第十三話 それでも俺はるぅを守る

 呆然と立ち尽くす幼馴染を見て、守は決意を固める。ここで俺は決別すべきだ……と。


 再び幼馴染に背を向けて歩き出す。周囲にはまだゾンビがそれなりに残っている。守はバールを両手に持ってかまえると一番近くにいるゾンビに向かって走り出した。


「ガアアアアアアアアアアア!!」


 こちらに襲い掛かってくる事はないゾンビ達。はっきりいえば、守に危険はない。だが、それは守だけが安全なだけで、清華家の人間は依然、危険なままだ。


(やるなら徹底的に)


 そこからは返り血などものともせず、より凄惨に、ゾンビ達を処理してきた。処理したゾンビの中には先程いた殺した男達、裸の女性のゾンビも含まれていた。幸いにも女性ゾンビの最期の姿は、復讐が出来て満足したのか安らかな表情をしていた。むしろ復讐を達成した事で殺される事をむしろ望んでいるようにまで見えた。


(誰だって人間を襲いたくないよな)


 ここにいるゾンビ達の中には、ひょっとすると自我が多少なりとも残っているゾンビがいるのかもしれない。だが、自我があろうがなかろうが、今の守には関係ない。幼馴染を襲う可能性のあるゾンビは全て処理するのみだ。

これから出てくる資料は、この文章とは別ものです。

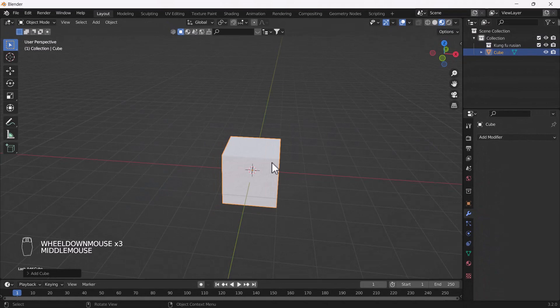Hello everyone, welcome to my YouTube channel. I hope you guys are doing great. Today's video I'm going to talk about how we can create and model a road using Blender, so without any further delay, let's get started.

 たった数十分後、たったそれだけの時間でそこは地獄となり果てていた。足場もない程に転がっている肉塊達は全てゾンビであったモノだ。その真ん中に一人だけゾンビが立っていた。


 それは勿論、守だ。もはや元の色がわからない程に返り血を吸った作業服に曲がってしまう位に使用されたバールをプラプラさせながら周囲を見回していた。


(これで周囲にいるゾンビは処理出来たか)


 幾千といるゾンビを処理しても守の感情に一切の動揺はなかった。確かに守には感情がある。だが、『』という感情に勝るものを今の守は持っていなかった。

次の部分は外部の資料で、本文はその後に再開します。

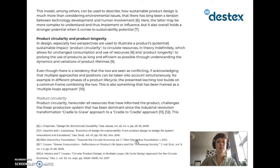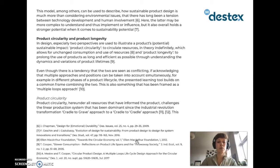In design especially, two perspectives are used to illustrate a product's sustainable impact. Product circularity — to circulate resources in theory indefinitely — allows for unchanged consumption and use of resources. And product longevity — to prolong the use of products as long and efficiently as possible — through understanding the dynamics and variations of product lifetimes. Even though there is a tendency that the two are seen as conflicting, if acknowledging that multiple approaches and positions can be taken into account simultaneously, for example in different phases of a product lifecycle, the presented learning tool builds on a common frame combining the two. This is also something that has been framed as multiple-loops approaches.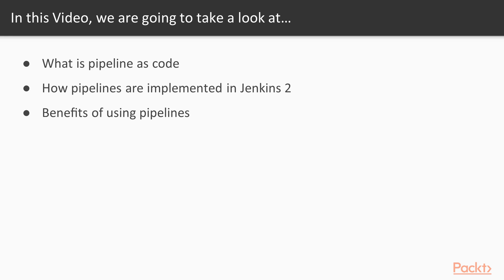In this video, we will learn what pipeline as code means, how pipelines are implemented in Jenkins 2, and what are the benefits of using pipelines as opposed to standard Jenkins jobs. There is no practical part in this video, but we will soon put into practice what we learned here in the next videos of this section.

 すっかり静かになった状況で、ふと後ろから車のエンジン音が聴こえてきた。後ろを振り向くと、正門から一台のマイクロバスが走り出した。守を轢かんとする勢いで走りだしたマイクロバスを守は危なげもなくサイドに避けて、乗客を確認した。


(よし、るぅも無事乗ったな)


 幼馴染の乗っマイクロバスはさっきの男達の装甲車に勝るとも劣らない改造車だった。防弾ガラスだけではなく、車にぶつけられた程度ではびくともしない装甲。天井にはソーラーパネルが搭載していて、緊急時にはそれで走行する事も可能な代物だ。


 このマイクロバスの存在を知っていた守は、ひとまず安堵した。


(これでひとまず安心だ)


 そしてふと思い浮かんだのは幼馴染の最後の表情だった。守の決意を固めさせたあの表情。守は幼馴染にあんな表情をさせたくなかった。そして二度とあんな表情をさせないようにする為には、守自身の恐ろしさを見せつけるしかなかった。


(たとえ自我があっても俺はゾンビだ。もう、るぅとは一緒にいられない。だからこれでいいんだ。俺はるぅさえ無事でいればそれで満足なのだから……)


「ルゥ……」


 気が付いたら周囲が夕日に染まっていた。守を照らすその姿は儚く、そして美しかった。


 共に歩む事は出来ない。だけど、遠くから守る事は出来る。そう決意を胸に守は再び歩き出すのだった。